I put “Wrap Up” in quotes because this is a soft ending to a crochet along, not a hard one. In fact I remain inspired by some discoveries I made about it along the way. Plus, I can’t resist a pun.
It’s easy to imagine revisiting this CAL with a springtime project with CAL participants who also intend to start or resume their Mamruanas later.
Mamruana Evaluation Day
I’m going to do a behind-the-scenes evaluation of it as a crocheter of it (the process), wearer (the product), yarn provider (yarn brand choice), designer (art and craft of it), and pattern writer (is it patternable?).
Wearing the Ruana
Mine is in fall colors and I’ll be wearing it to parties here in Florida through the winter. It’s bigger and heavier on me than I expected, but not too much. It means I made a size Large to X-Large instead of a Small to Medium.
I will love dancing in it. It drapes beautifully and the colored diamonds flicker as it moves, vaguely like confetti.
As a Crochet Project
I really enjoyed crocheting it for three reasons:
- The half double stitches (hdc) are crocheted into spaces, not stitch loops (helps the crocheting pace). See the stitch close up below.
- The rhythm of color changes kept me looking forward to the next strip, with no color juggling or managing ends.
- Constructing this in MAM (“mile-a-minute”) strips gave me a satisfying feeling of completion and progress.
As a Design Idea
Several inspiring discoveries here for the designer in me!
I love that you’re just crocheting little square patches in simple rows—so elementary—but they end up being diamonds on the bias. Changing the color of each strip adds a big visual effect to the drape. A ruana shape magnifies the effect because the sleeve sections also drape on the body at an angle.

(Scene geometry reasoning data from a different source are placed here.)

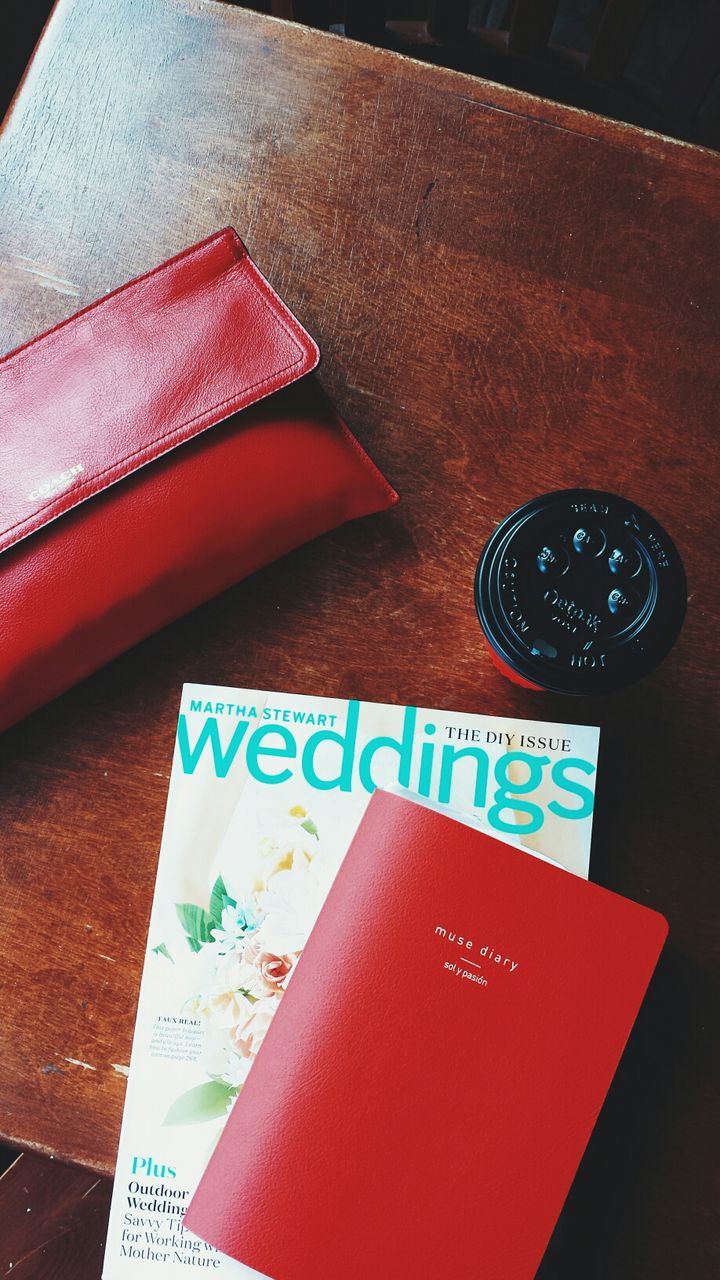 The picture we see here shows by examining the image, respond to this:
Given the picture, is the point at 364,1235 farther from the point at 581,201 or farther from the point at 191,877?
the point at 581,201

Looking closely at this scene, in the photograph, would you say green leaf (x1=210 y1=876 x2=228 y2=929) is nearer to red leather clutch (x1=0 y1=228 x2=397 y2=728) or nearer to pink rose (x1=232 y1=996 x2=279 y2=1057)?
pink rose (x1=232 y1=996 x2=279 y2=1057)

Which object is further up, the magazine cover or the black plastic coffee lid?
the black plastic coffee lid

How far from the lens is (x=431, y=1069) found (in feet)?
1.72

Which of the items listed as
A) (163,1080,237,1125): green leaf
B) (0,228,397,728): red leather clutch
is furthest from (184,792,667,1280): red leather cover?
(0,228,397,728): red leather clutch

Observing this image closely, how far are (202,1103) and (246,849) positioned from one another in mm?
155

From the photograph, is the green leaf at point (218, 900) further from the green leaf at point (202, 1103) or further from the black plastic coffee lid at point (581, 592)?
the black plastic coffee lid at point (581, 592)

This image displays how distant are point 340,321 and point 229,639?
0.24 metres

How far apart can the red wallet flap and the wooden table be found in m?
0.07

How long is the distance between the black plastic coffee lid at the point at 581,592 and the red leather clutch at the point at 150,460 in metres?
0.13

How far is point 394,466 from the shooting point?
623 mm

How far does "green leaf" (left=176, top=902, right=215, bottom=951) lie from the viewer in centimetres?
58

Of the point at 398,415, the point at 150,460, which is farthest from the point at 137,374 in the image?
the point at 398,415

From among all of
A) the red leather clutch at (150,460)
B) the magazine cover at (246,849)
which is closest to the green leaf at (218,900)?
the magazine cover at (246,849)

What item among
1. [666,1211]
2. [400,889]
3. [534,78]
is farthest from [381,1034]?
[534,78] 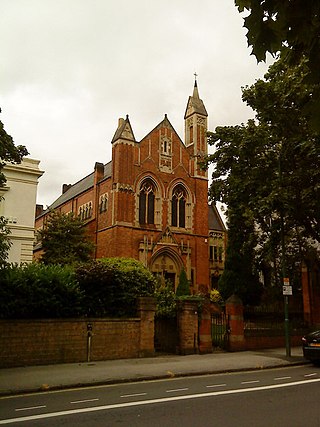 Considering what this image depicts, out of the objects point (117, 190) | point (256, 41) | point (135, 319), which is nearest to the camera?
point (256, 41)

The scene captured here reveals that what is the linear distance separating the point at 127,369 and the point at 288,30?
11946 mm

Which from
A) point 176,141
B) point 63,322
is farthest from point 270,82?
point 176,141

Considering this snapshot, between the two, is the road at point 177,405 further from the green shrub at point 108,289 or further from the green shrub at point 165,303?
the green shrub at point 165,303

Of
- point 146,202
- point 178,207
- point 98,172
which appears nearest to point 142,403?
point 146,202

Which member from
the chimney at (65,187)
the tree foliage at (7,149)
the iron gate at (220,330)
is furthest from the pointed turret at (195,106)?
the tree foliage at (7,149)

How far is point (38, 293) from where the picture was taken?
49.2 feet

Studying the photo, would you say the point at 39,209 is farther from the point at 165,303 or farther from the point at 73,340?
the point at 73,340

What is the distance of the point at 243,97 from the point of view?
65.1ft

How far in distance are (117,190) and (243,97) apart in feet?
68.2

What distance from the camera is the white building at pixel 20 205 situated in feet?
101

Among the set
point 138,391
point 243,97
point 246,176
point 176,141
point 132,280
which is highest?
point 176,141

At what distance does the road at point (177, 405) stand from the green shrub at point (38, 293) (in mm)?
4641

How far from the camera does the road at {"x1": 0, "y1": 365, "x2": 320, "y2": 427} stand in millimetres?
7219

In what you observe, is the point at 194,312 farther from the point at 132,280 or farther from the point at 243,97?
the point at 243,97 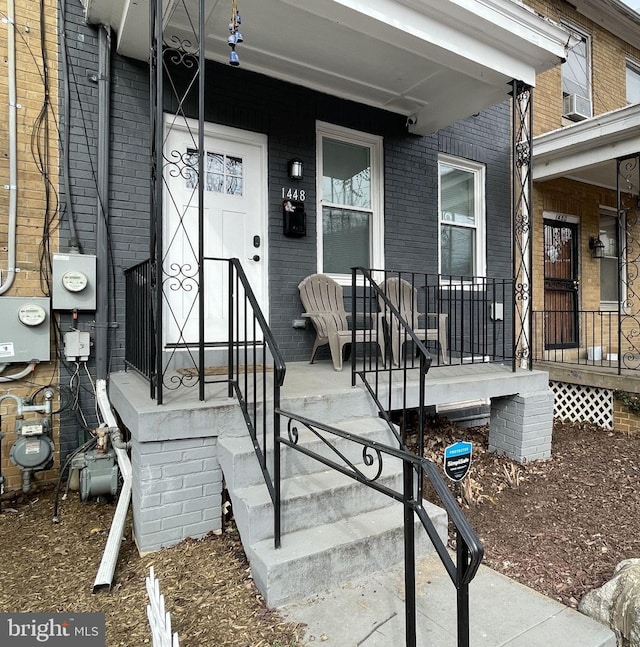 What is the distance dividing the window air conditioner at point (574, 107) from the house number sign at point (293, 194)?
4.79 meters

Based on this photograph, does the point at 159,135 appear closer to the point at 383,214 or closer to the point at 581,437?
the point at 383,214

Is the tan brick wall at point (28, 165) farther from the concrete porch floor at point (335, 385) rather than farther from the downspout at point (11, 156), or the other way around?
the concrete porch floor at point (335, 385)

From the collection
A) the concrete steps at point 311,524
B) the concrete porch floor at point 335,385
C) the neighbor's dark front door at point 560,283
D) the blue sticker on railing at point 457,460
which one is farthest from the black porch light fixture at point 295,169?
the neighbor's dark front door at point 560,283

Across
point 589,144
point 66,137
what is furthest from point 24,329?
point 589,144

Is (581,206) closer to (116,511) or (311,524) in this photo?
(311,524)

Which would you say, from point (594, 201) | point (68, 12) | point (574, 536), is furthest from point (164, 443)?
point (594, 201)

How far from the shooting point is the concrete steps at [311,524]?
207 centimetres

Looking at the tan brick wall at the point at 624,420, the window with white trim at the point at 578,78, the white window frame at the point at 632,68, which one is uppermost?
the white window frame at the point at 632,68

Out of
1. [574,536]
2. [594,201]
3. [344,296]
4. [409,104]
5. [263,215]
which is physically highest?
[409,104]

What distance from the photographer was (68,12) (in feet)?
11.8

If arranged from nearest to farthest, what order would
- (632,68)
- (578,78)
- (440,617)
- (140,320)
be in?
(440,617), (140,320), (578,78), (632,68)

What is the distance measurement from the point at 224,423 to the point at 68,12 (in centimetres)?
338

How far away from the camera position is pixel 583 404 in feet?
17.9

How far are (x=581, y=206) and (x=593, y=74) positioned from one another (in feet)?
6.95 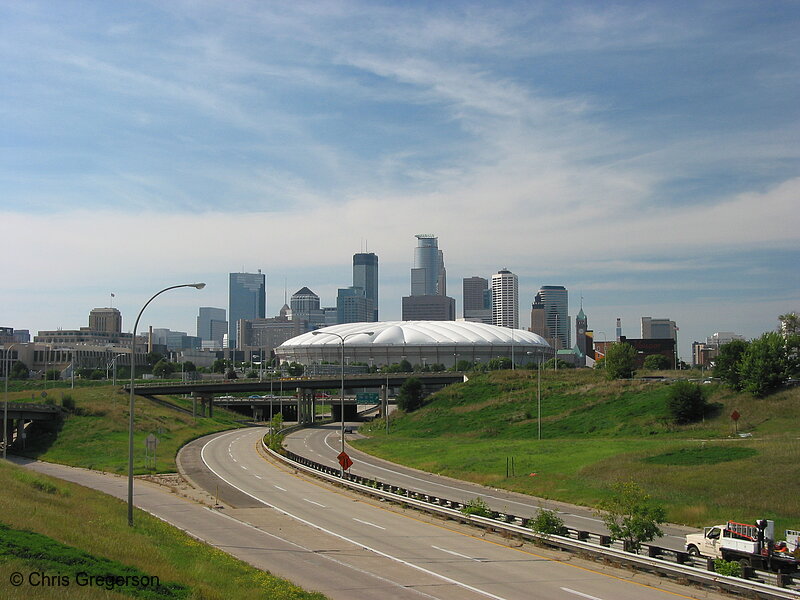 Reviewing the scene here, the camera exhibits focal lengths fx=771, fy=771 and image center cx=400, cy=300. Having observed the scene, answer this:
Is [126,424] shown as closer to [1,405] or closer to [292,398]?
[1,405]

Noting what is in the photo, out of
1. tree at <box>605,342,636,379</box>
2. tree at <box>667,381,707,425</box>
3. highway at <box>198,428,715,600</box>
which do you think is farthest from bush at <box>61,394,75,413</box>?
tree at <box>605,342,636,379</box>

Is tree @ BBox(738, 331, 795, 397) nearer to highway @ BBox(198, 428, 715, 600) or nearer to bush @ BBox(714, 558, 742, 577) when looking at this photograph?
highway @ BBox(198, 428, 715, 600)

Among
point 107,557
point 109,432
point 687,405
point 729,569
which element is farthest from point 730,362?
point 107,557

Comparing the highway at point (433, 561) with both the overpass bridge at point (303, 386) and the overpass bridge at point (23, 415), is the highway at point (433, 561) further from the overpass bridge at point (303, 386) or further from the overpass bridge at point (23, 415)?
the overpass bridge at point (303, 386)

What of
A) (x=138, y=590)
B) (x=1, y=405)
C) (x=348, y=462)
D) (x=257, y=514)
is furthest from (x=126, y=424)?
(x=138, y=590)

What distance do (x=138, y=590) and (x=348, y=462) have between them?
109 feet

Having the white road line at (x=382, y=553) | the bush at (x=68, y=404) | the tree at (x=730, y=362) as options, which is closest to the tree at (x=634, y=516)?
the white road line at (x=382, y=553)

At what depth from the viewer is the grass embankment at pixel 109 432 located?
70.2m

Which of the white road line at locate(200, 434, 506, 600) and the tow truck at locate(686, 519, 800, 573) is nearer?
Answer: the white road line at locate(200, 434, 506, 600)

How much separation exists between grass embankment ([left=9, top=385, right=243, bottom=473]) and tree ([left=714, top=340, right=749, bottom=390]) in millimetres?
58494

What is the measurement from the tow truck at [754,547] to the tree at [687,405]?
5299cm

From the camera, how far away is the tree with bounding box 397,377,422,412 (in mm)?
119625

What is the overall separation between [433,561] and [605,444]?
1727 inches

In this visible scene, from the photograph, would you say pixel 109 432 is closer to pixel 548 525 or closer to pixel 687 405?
pixel 687 405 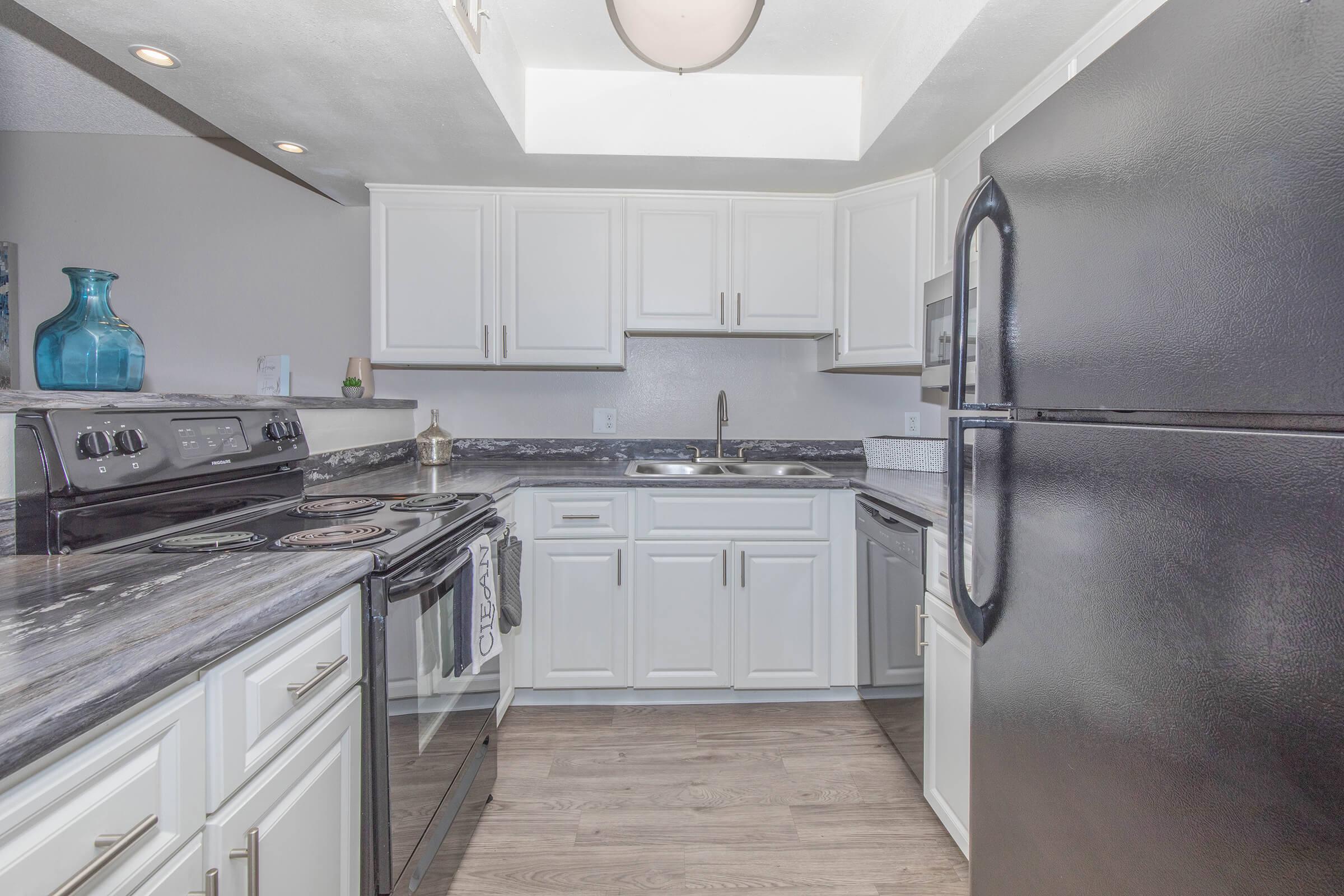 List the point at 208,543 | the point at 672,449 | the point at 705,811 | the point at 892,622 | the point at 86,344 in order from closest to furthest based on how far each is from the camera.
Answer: the point at 208,543, the point at 86,344, the point at 705,811, the point at 892,622, the point at 672,449

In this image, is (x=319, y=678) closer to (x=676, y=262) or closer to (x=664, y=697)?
(x=664, y=697)

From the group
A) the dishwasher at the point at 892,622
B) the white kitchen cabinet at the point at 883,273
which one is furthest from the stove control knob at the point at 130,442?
the white kitchen cabinet at the point at 883,273

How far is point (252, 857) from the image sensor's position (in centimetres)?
78

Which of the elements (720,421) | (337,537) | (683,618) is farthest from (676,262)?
(337,537)

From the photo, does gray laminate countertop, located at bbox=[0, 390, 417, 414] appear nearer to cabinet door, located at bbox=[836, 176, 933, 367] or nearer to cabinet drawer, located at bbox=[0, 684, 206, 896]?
cabinet drawer, located at bbox=[0, 684, 206, 896]

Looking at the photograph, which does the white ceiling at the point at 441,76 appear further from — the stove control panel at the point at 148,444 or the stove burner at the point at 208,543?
the stove burner at the point at 208,543

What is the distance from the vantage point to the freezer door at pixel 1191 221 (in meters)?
0.47

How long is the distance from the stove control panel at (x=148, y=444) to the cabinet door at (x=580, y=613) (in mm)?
1010

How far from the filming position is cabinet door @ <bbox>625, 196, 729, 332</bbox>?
106 inches

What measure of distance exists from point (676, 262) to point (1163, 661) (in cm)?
235

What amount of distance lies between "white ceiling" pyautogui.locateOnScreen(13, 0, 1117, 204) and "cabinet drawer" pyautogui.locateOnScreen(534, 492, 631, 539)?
1.25 metres

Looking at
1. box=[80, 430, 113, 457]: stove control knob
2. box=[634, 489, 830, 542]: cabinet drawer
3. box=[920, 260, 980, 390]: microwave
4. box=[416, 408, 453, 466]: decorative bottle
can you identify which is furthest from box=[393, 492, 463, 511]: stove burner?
box=[920, 260, 980, 390]: microwave

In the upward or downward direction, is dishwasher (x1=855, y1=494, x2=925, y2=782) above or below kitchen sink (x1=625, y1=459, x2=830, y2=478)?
below

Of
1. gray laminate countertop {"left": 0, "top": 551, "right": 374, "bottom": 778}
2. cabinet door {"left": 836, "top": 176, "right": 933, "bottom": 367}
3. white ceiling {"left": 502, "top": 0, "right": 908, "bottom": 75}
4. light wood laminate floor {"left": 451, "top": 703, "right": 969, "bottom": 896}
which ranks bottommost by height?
light wood laminate floor {"left": 451, "top": 703, "right": 969, "bottom": 896} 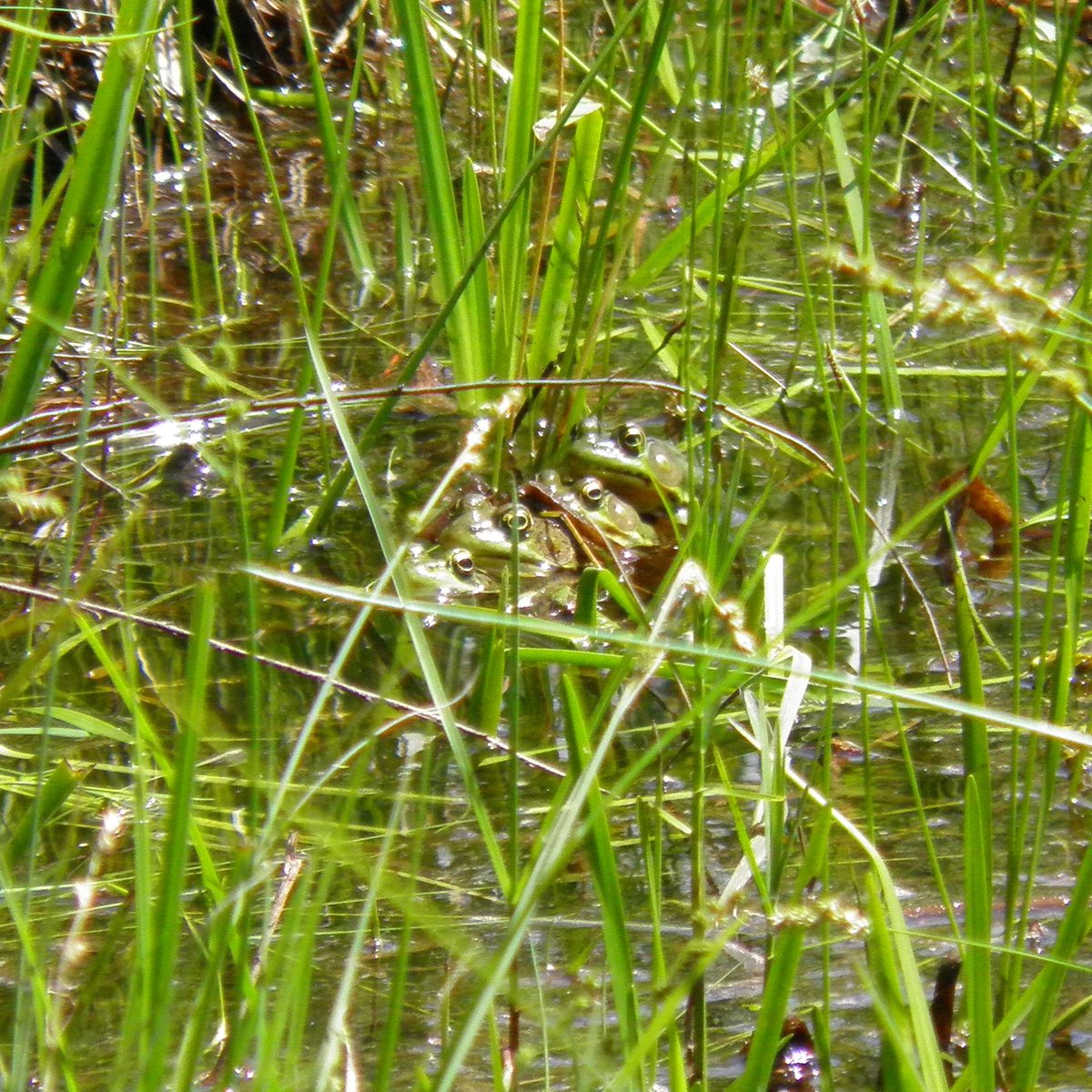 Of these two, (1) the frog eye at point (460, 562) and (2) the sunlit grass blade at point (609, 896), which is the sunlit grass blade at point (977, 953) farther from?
(1) the frog eye at point (460, 562)

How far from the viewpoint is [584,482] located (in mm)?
2555

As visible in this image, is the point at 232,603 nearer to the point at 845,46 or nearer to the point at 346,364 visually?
the point at 346,364

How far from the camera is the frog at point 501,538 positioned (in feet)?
8.25

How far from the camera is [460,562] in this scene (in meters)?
2.49

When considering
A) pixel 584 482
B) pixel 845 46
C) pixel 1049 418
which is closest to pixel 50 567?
pixel 584 482

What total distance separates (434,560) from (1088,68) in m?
2.68

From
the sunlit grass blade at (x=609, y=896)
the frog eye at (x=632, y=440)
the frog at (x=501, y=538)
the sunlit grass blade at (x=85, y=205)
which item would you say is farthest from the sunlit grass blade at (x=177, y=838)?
the frog eye at (x=632, y=440)

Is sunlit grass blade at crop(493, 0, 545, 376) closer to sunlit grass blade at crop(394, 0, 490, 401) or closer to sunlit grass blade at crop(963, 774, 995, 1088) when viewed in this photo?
sunlit grass blade at crop(394, 0, 490, 401)

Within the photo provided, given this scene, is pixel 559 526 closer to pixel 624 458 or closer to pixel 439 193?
pixel 624 458

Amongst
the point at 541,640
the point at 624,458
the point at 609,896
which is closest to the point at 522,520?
the point at 624,458

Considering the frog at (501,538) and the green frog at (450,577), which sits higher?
the frog at (501,538)

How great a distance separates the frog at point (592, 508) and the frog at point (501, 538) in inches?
1.2

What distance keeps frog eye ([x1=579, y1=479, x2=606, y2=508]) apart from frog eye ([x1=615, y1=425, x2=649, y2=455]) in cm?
8

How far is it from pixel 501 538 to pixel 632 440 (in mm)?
269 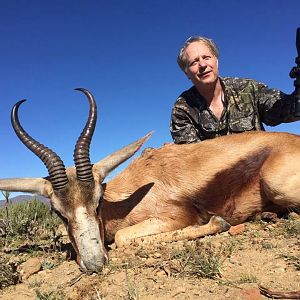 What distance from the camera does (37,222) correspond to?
745cm

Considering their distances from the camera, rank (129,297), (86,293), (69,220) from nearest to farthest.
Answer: (129,297) → (86,293) → (69,220)

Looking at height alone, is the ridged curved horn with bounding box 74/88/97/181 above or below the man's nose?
below

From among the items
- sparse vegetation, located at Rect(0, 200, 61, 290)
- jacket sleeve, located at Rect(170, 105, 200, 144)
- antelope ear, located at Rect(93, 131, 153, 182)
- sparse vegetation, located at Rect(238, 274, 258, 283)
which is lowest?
sparse vegetation, located at Rect(238, 274, 258, 283)

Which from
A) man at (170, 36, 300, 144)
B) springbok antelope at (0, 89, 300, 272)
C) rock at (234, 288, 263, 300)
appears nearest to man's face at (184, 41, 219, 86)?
man at (170, 36, 300, 144)

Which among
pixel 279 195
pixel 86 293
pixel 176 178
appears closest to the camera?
pixel 86 293

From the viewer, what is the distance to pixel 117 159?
215 inches

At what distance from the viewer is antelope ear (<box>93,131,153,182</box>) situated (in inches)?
214

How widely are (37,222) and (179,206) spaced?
3.22 m

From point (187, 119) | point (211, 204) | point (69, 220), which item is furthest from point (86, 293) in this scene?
point (187, 119)

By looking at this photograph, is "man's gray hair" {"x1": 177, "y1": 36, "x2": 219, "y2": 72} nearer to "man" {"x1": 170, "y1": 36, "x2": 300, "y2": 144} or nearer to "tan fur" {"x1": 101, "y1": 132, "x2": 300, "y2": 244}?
"man" {"x1": 170, "y1": 36, "x2": 300, "y2": 144}

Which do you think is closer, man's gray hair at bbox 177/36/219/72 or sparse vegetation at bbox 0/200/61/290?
sparse vegetation at bbox 0/200/61/290

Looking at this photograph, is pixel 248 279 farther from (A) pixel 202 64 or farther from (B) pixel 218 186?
(A) pixel 202 64

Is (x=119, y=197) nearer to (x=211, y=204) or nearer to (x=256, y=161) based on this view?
(x=211, y=204)

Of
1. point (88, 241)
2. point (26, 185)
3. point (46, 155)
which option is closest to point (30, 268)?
point (88, 241) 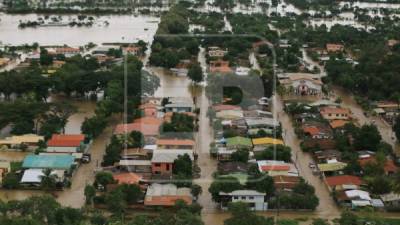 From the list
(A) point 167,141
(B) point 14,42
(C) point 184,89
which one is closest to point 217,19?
(B) point 14,42

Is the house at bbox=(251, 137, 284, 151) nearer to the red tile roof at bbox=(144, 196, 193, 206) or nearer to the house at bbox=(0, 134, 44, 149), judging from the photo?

Not only is a patch reversible, it’s rotatable! This excites me because it means a series of patches could be linked up while going in different directions and still look coolly consistent. Freeform-bitmappy, chic, powerfully versatile design-wise. A gazillion options are possible for other wearable shapes and kinds of projects. It’s like each patch is a fashionable “bit” for infinite design “pixels”.
Put a Cuff on It
I’m unreasonably inspired by putting sleeve cuffs on a ruana. I like how it feels to wear it, how it updates the look, and how easy it is to do. It’s a trendy effect I’ve wanted to explore since seeing it so much in Pinterest.
The Yarn Choice
Speaking as both a designer and a yarn provider, I’m very pleased with how the design and yarn go together. (I never really know if that will be the case.) YES I always want to have new crochet patterns for DesigningVashti Lotus yarn, and to show off new colors of it. For example, the new Orange Luxe color inspired the Mamruana.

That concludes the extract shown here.